Turkey and swiss wrap

Or those healthy choice spicy chicken snack bites.


----------



## veteranvmb (Aug 6, 2009)

The orange flavored hostess cup cakes. I can eat a box for dinner. No problem. 
J


----------



## Reino (Sep 13, 2010)

Erich.......RAYRAY........Zach.......
YOU
ARE 
:bn
FROM THIS THREAD and anyone else part of the BIGGEST LOSER CONETEST!!!!!!

You should be ashamed!!!!!!!:banghead:


----------



## CeeGar (Feb 19, 2007)

I really like pop-tarts....:noidea:


----------



## Batista30 (Sep 13, 2010)

Reino said:


> Erich.......RAYRAY........Zach.......
> YOU
> ARE
> :bn
> ...


John, trust me, Zach doesn't need to lose weight. Let him eat a box of oreos a day. I'll take down the brownies!:biggrin:


----------



## BDog (Oct 19, 2010)

I grew up on Corned Beef Hash for breakfasts in the morning. My dad would open the can and I could hear the thunk of the hash hit the skillet. THUNK! Nothing like processed meat in a can! 

I grew to like it. I dont eat it anymore although I would if the opportunity presents itself.

Ate brunschwager and liverwurst as well.

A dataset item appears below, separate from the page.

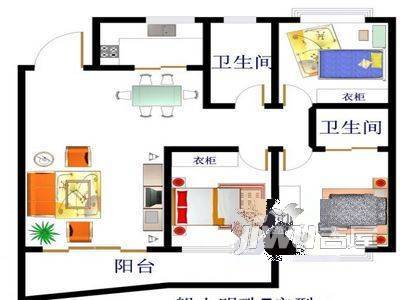 王家村公寓1室1厅1卫户型图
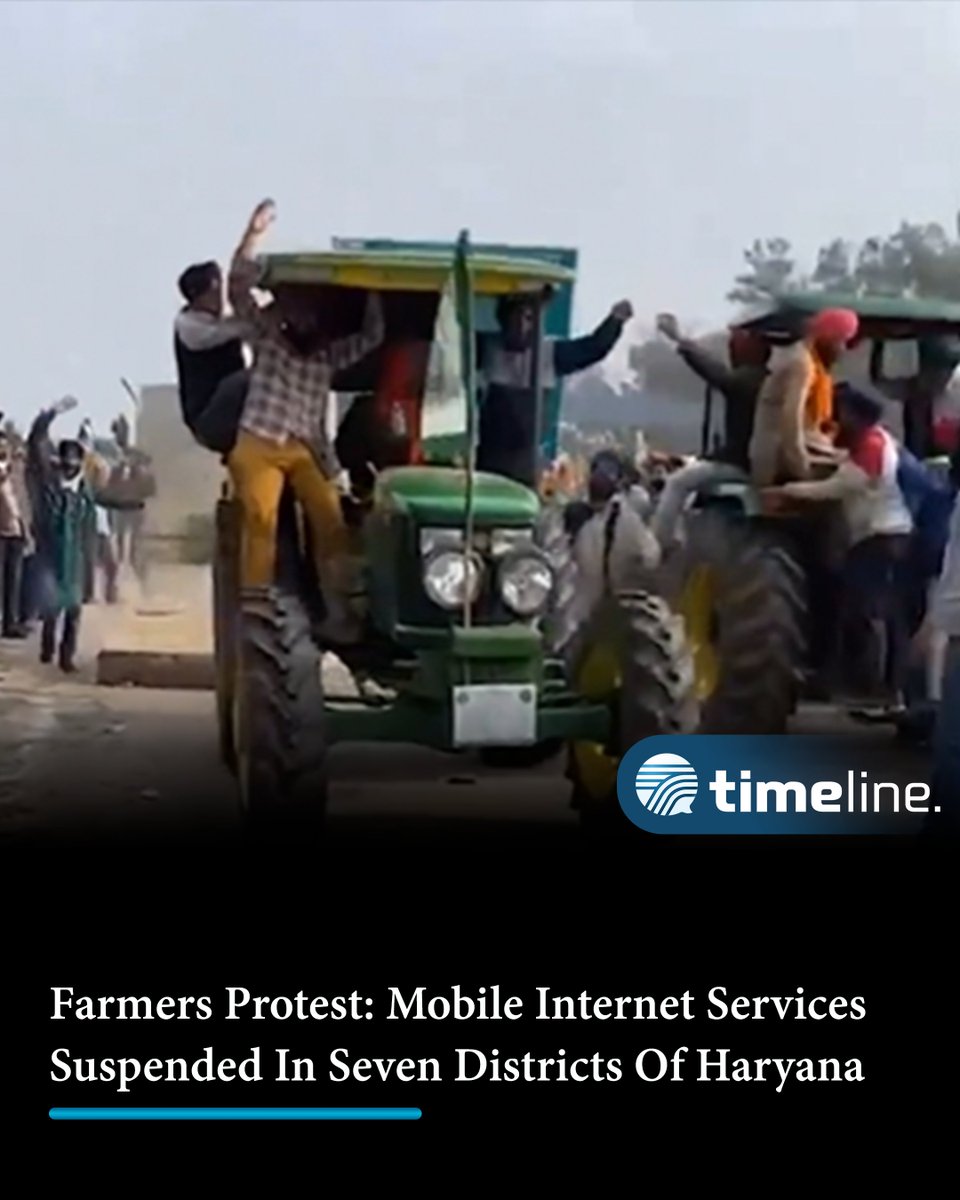 #FarmersProtest: Mobile #InternetServices Suspended In Seven Districts Of #Haryana

timelinedaily.com/india/farmers-…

Spread on White bread with lots of mayo. Good stuff.

Current "guilty" pleasure food? Hmm? Pumpkin waffles. I have a great recipe for Pumpkin waffles that I make every year during the winter (usually around Thanksgiving or Halloween) it has such great spices in (clove, cinnamon, ginger) that it fills the house with scents that are warming and comforting. I started late this year when I made it and tweaked the ingredients just a little. Best batch I have made in quite some time! Gone in 2-3 days!


----------



## Reino (Sep 13, 2010)

Batista30 said:


> John, trust me, Zach doesn't need to lose weight. Let him eat a box of oreos a day. I'll take down the brownies!:biggrin:


Don't let him eat a box of anything!!!!!!!


----------



## fishkilla (Jan 29, 2011)

Love any cheese cake. but all time favorite is the oreo cheese cake. Almost had a whole one to myself before i thought about it and when i did almost came back up. LOL. But still all time favorites.


----------



## szyzk (Nov 27, 2010)

I've had to travel back and forth to Erie, PA quite a bit in the last few weeks... Every time I've went I've stopped at a small little Indian restaurant and picked up an order of gobi aloo, dal tadaka and a few pieces of garlic & cilantro naan... And I don't feel a damn bit guilty about it.


----------



## HWiebe (Jul 13, 2010)

Zfog said:


> I used to binge on cupcakes. Now I average a box of oreos daily!


My wife laughs at me cause I sit on the couch before bed and eat half a dozen Oreos with milk and read Cigar Aficionado mag. Like the distinguished child that I am.


----------



## Animal (Sep 27, 2010)

Haven't done this in a while, but here goes....

Metric butt-load of vanilla ice cream+2 king size Butterfingers+blender. Drink it out of a GNC bottle for irony. Friggin Animal shake.


----------



## rocketmann82 (Jun 20, 2010)

In a word BACON!!! Added to or put in just about anything.


----------



## Rosie (Jul 10, 2010)

Pig Newtons. Take the Spam of your choice, cut it into small squares, and wrap them in Pillsbury croissant dough so that they resemble Fig Newtons. Stick em in the oven, et voila! Pair it with your favorite mustard (for me it's Colman's or Bertman's) for dipping, and you have a guilty white trash treat! 

Cheers,

Rosie


----------